The task: For every line below, restate it exactly and drop the images.

Dataset content:
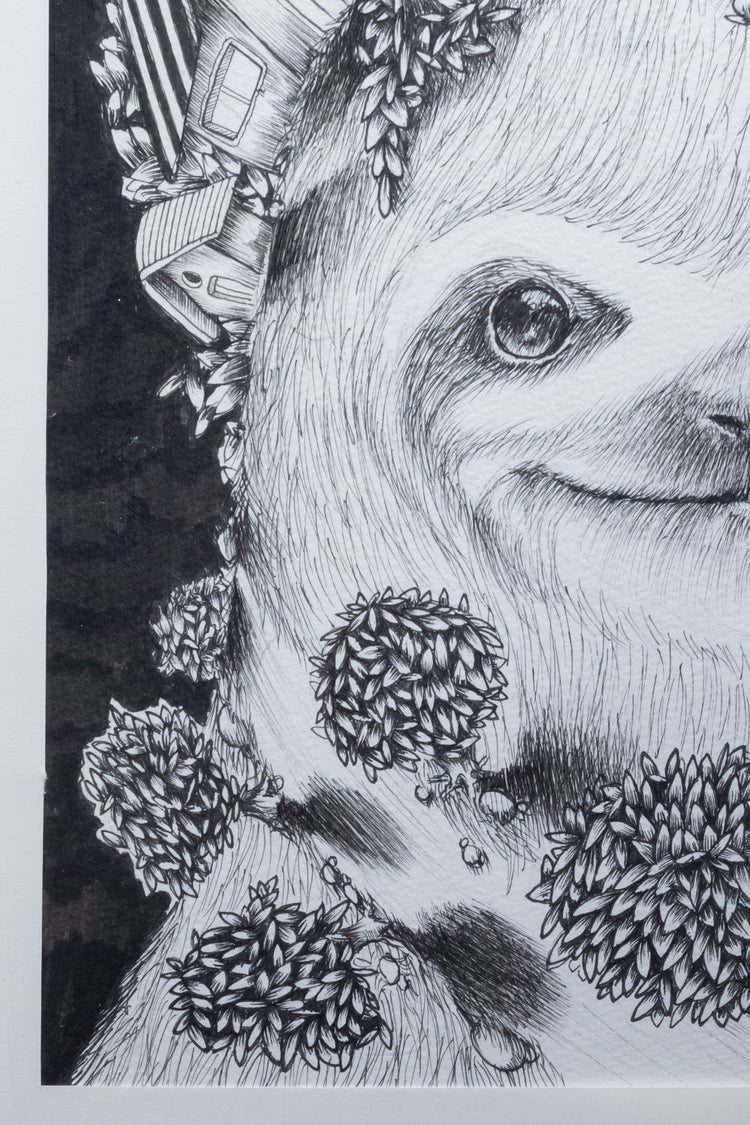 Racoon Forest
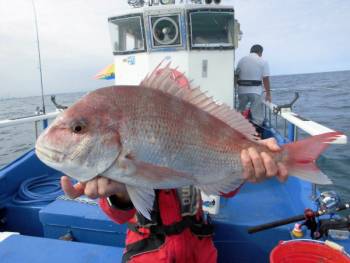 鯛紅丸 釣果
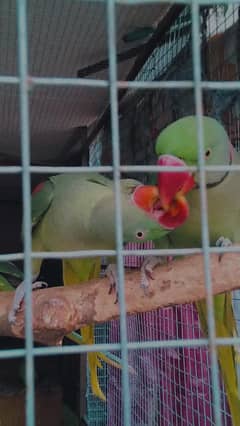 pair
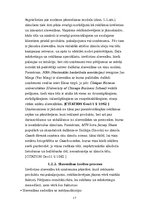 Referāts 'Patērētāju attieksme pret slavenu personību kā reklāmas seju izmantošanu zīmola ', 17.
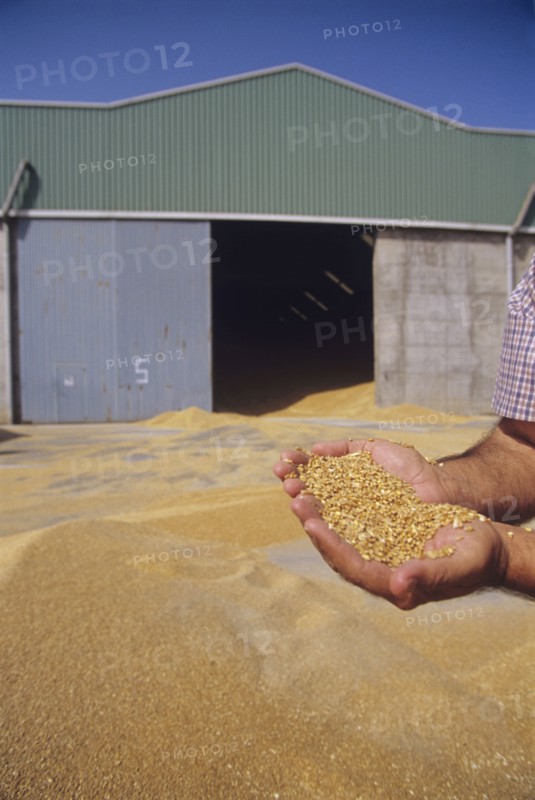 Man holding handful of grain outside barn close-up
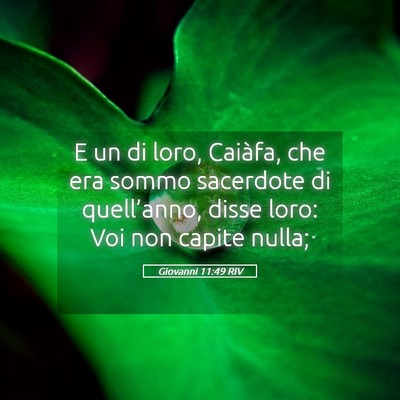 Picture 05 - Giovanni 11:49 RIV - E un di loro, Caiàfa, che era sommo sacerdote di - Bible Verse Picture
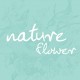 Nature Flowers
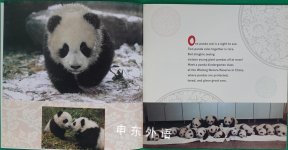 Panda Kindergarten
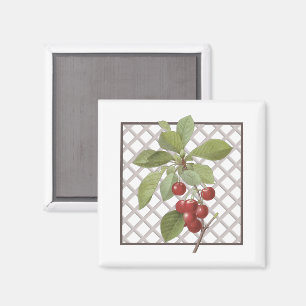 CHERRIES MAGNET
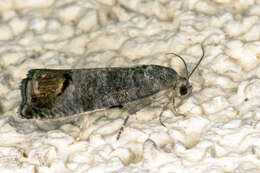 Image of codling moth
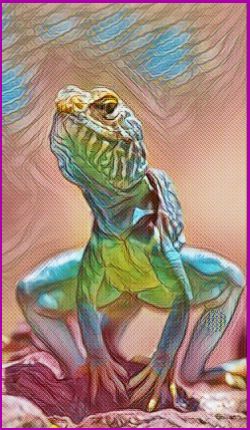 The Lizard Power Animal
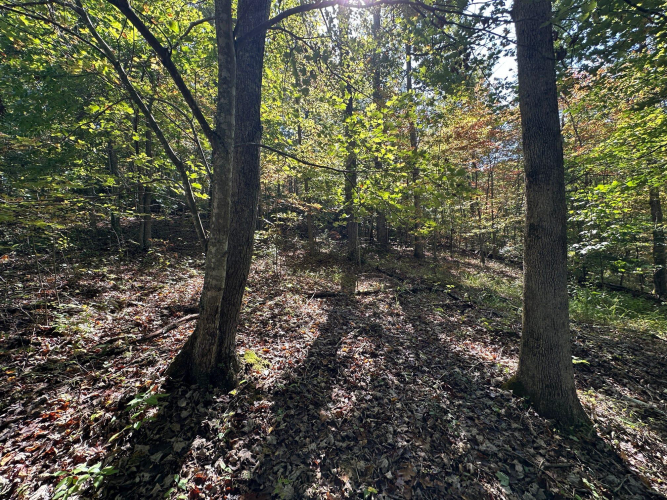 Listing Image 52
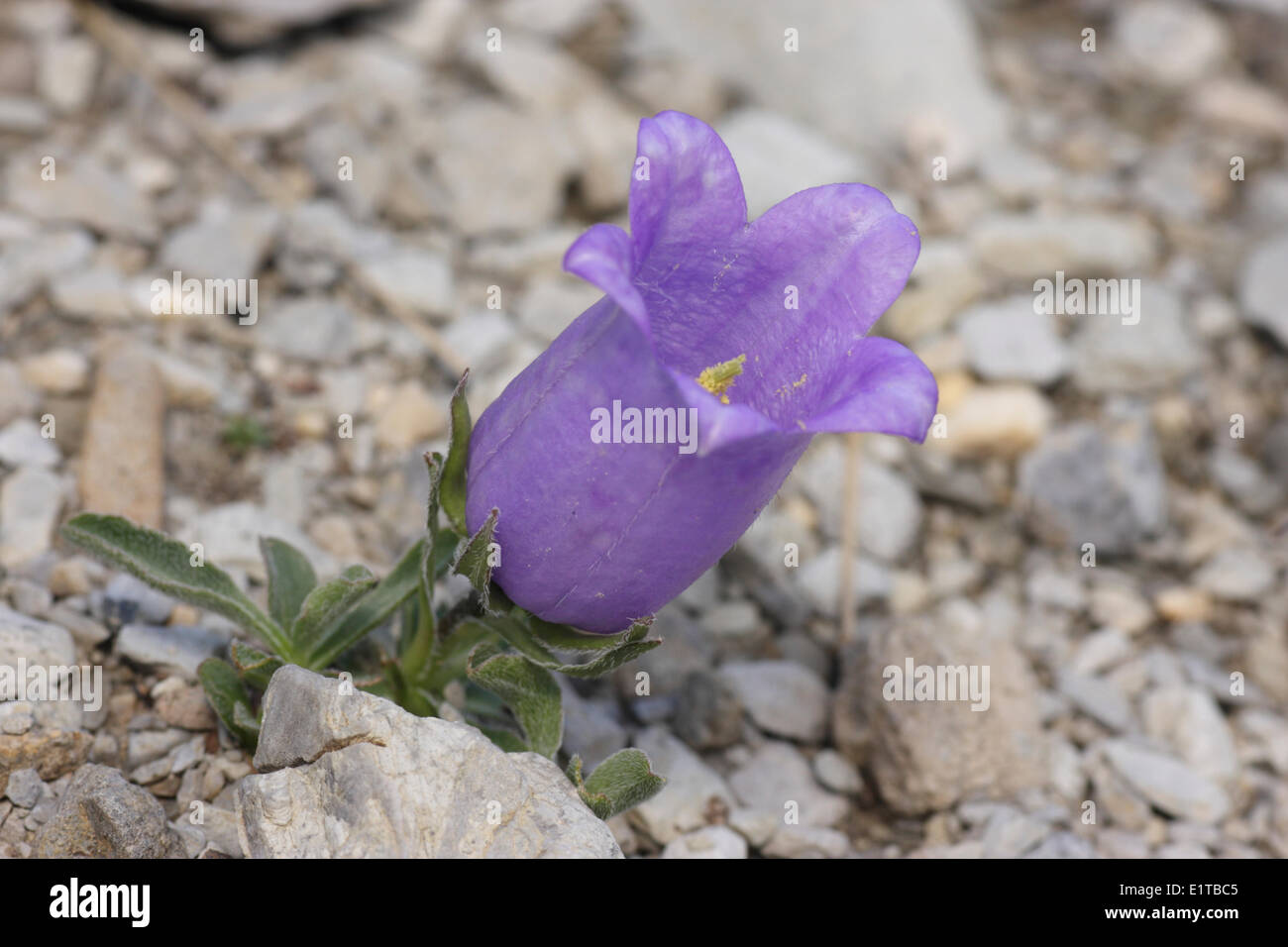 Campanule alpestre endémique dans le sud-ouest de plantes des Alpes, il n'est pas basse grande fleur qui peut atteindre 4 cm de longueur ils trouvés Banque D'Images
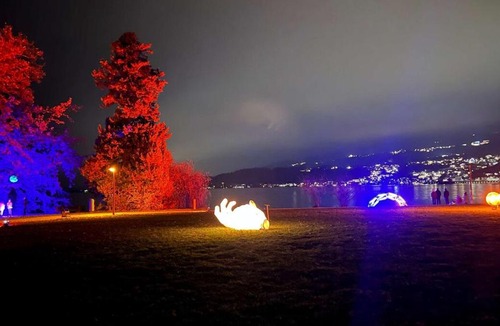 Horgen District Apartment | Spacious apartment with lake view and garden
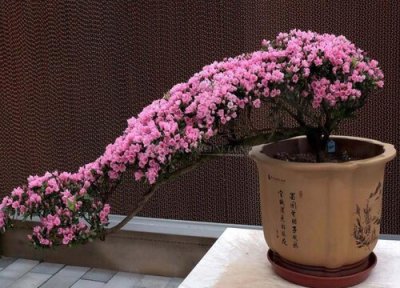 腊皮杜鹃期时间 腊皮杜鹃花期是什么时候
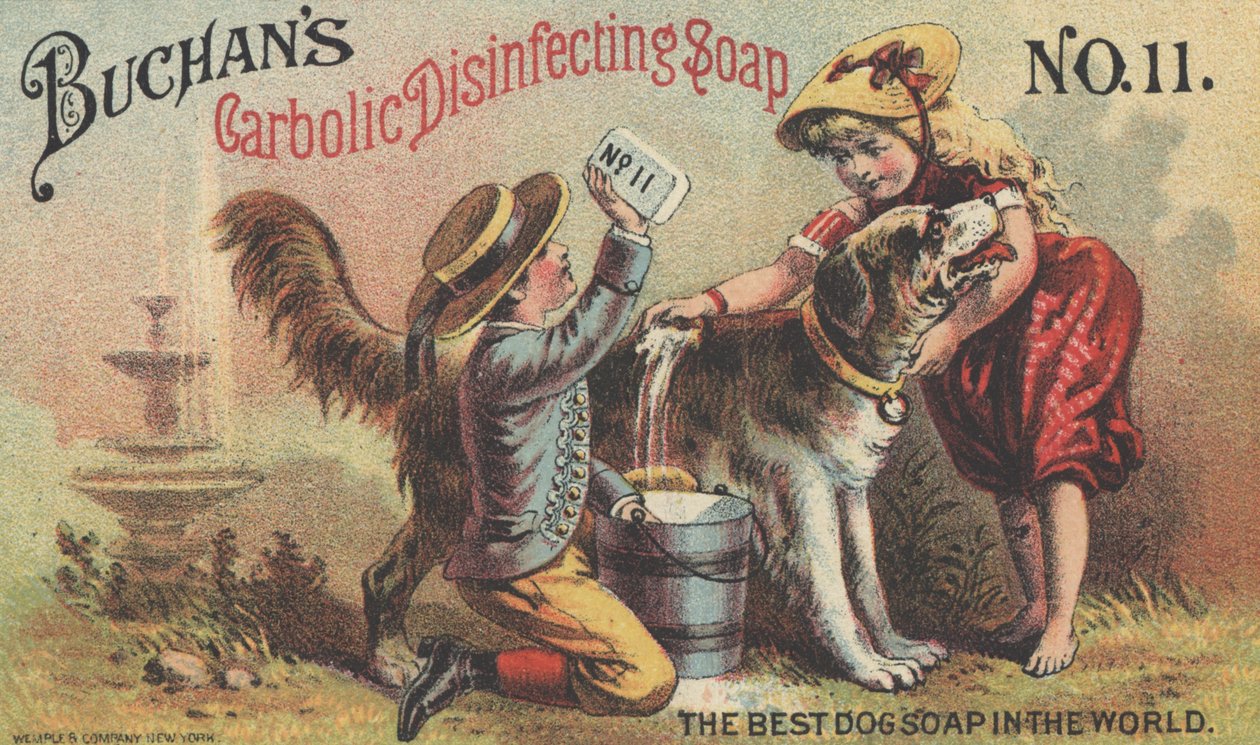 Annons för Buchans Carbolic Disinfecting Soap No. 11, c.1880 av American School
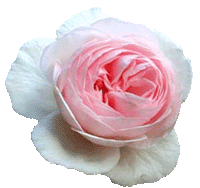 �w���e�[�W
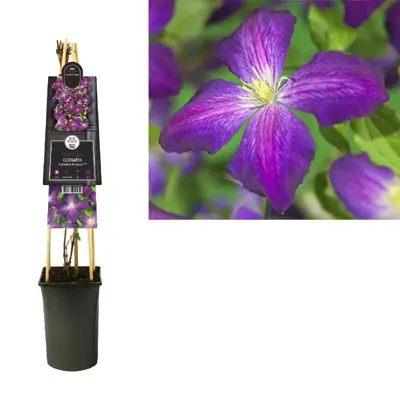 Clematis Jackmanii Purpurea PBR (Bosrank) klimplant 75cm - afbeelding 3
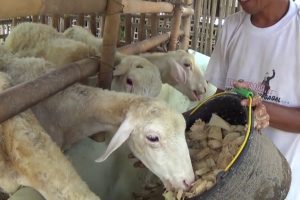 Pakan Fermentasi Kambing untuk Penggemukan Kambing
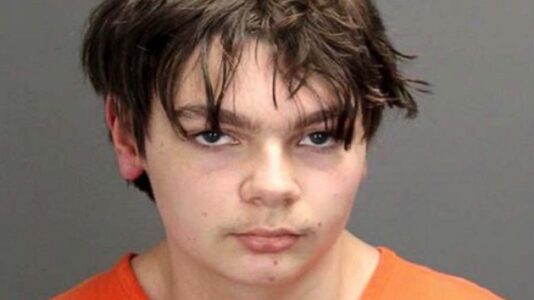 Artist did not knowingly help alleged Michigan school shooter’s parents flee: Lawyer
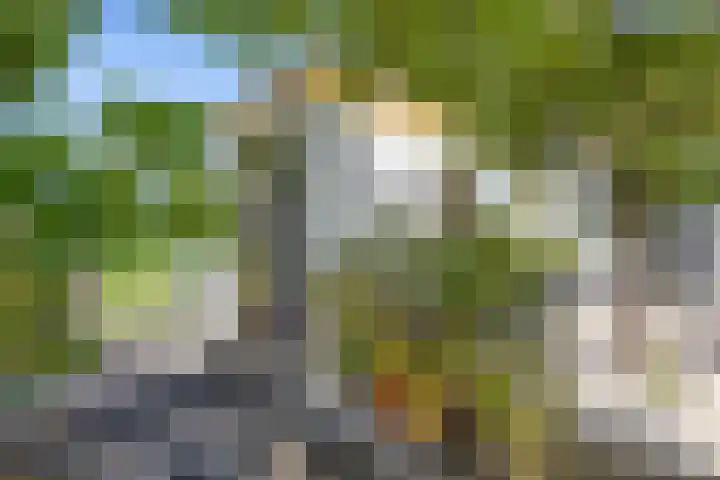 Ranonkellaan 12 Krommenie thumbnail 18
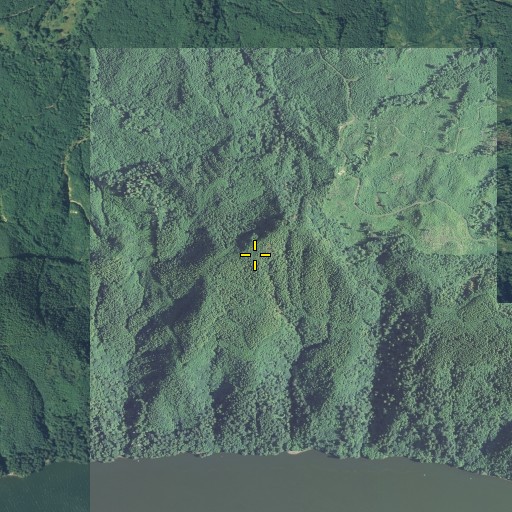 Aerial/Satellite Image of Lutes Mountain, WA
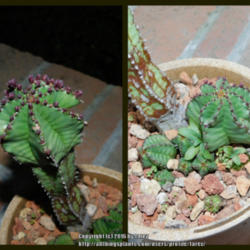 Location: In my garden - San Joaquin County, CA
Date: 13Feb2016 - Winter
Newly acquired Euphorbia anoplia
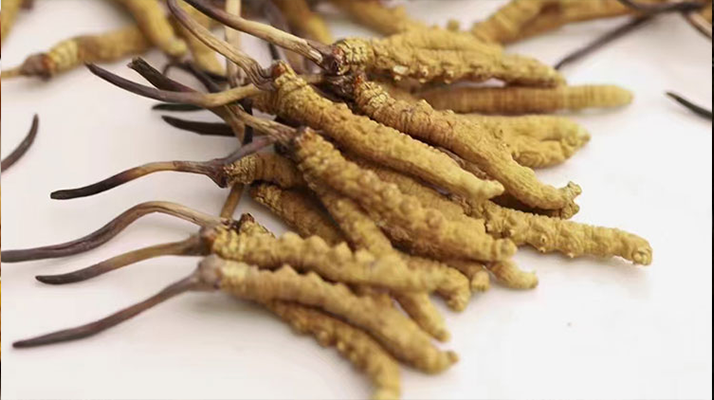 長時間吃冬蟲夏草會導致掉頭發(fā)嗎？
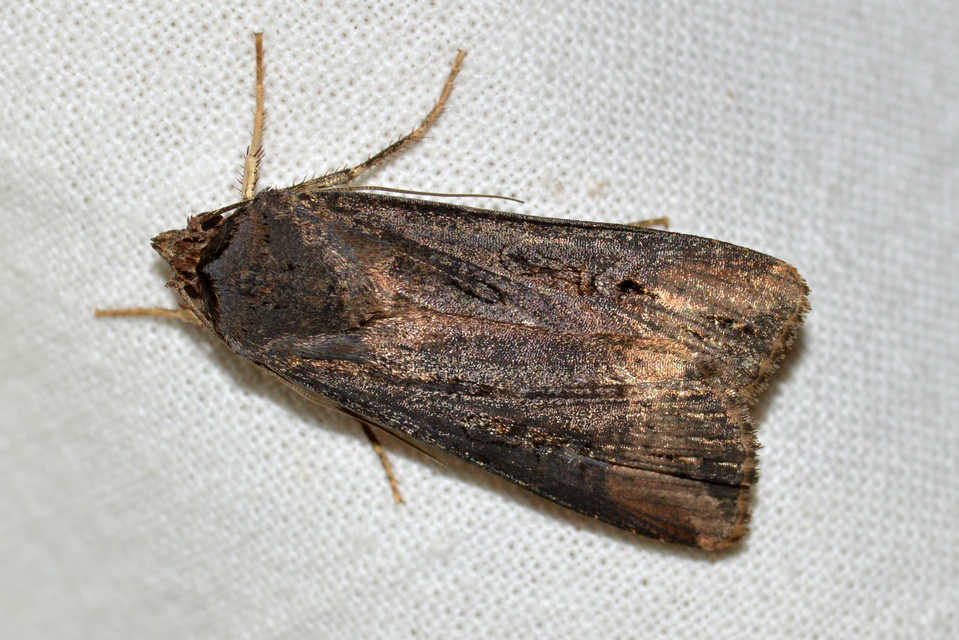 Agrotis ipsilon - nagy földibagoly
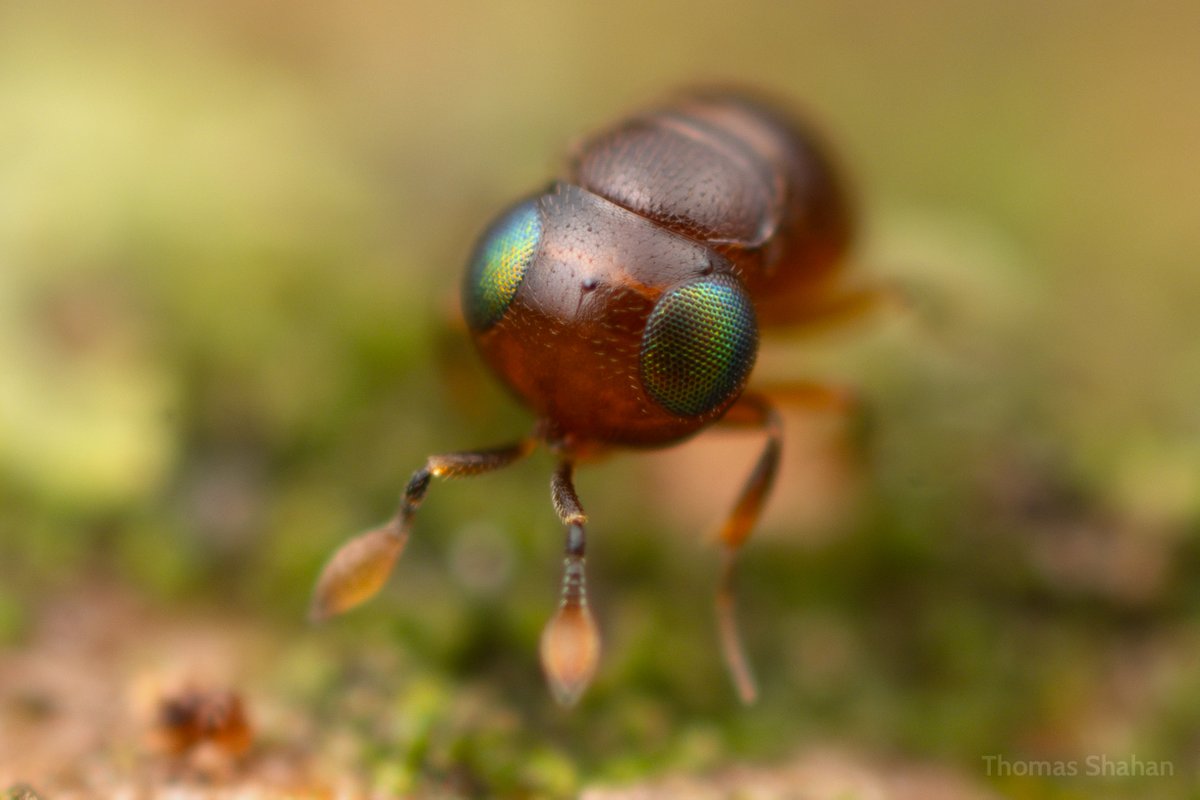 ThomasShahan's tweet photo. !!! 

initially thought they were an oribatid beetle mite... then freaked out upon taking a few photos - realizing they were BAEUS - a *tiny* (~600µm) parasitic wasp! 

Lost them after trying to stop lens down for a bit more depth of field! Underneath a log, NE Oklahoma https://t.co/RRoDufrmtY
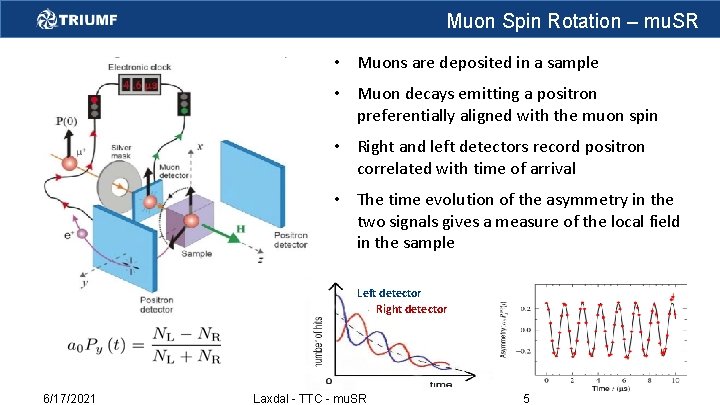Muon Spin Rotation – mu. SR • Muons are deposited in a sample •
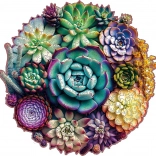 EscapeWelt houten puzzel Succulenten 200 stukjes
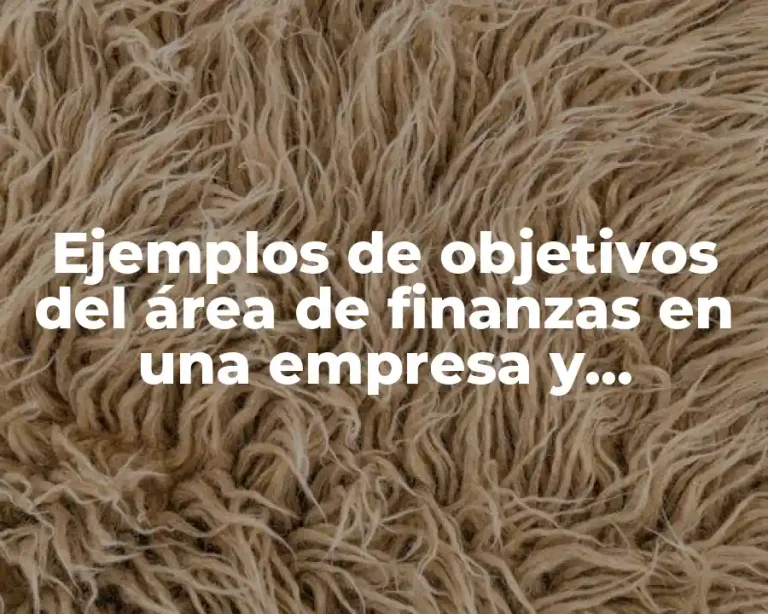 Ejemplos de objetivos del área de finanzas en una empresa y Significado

Your response:
 Racoon Forest
 鯛紅丸 釣果
 pair
 Referāts 'Patērētāju attieksme pret slavenu personību kā reklāmas seju izmantošanu zīmola ', 17.
 Man holding handful of grain outside barn close-up
 Picture 05 - Giovanni 11:49 RIV - E un di loro, Caiàfa, che era sommo sacerdote di - Bible Verse Picture
 Nature Flowers
 Panda Kindergarten
 CHERRIES MAGNET
 Image of codling moth
 The Lizard Power Animal
 Listing Image 52
 Campanule alpestre endémique dans le sud-ouest de plantes des Alpes, il n'est pas basse grande fleur qui peut atteindre 4 cm de longueur ils trouvés Banque D'Images
 Horgen District Apartment | Spacious apartment with lake view and garden
 腊皮杜鹃期时间 腊皮杜鹃花期是什么时候
 Annons för Buchans Carbolic Disinfecting Soap No. 11, c.1880 av American School
 �w���e�[�W
 Clematis Jackmanii Purpurea PBR (Bosrank) klimplant 75cm - afbeelding 3
 Pakan Fermentasi Kambing untuk Penggemukan Kambing
 Artist did not knowingly help alleged Michigan school shooter’s parents flee: Lawyer
 Ranonkellaan 12 Krommenie thumbnail 18
 Aerial/Satellite Image of Lutes Mountain, WA
 Location: In my garden - San Joaquin County, CA
Date: 13Feb2016 - Winter
Newly acquired Euphorbia anoplia
 長時間吃冬蟲夏草會導致掉頭發(fā)嗎？
 Agrotis ipsilon - nagy földibagoly
 ThomasShahan's tweet photo. !!! 

initially thought they were an oribatid beetle mite... then freaked out upon taking a few photos - realizing they were BAEUS - a *tiny* (~600µm) parasitic wasp! 

Lost them after trying to stop lens down for a bit more depth of field! Underneath a log, NE Oklahoma https://t.co/RRoDufrmtY
Muon Spin Rotation – mu. SR • Muons are deposited in a sample •
 EscapeWelt houten puzzel Succulenten 200 stukjes
 Ejemplos de objetivos del área de finanzas en una empresa y Significado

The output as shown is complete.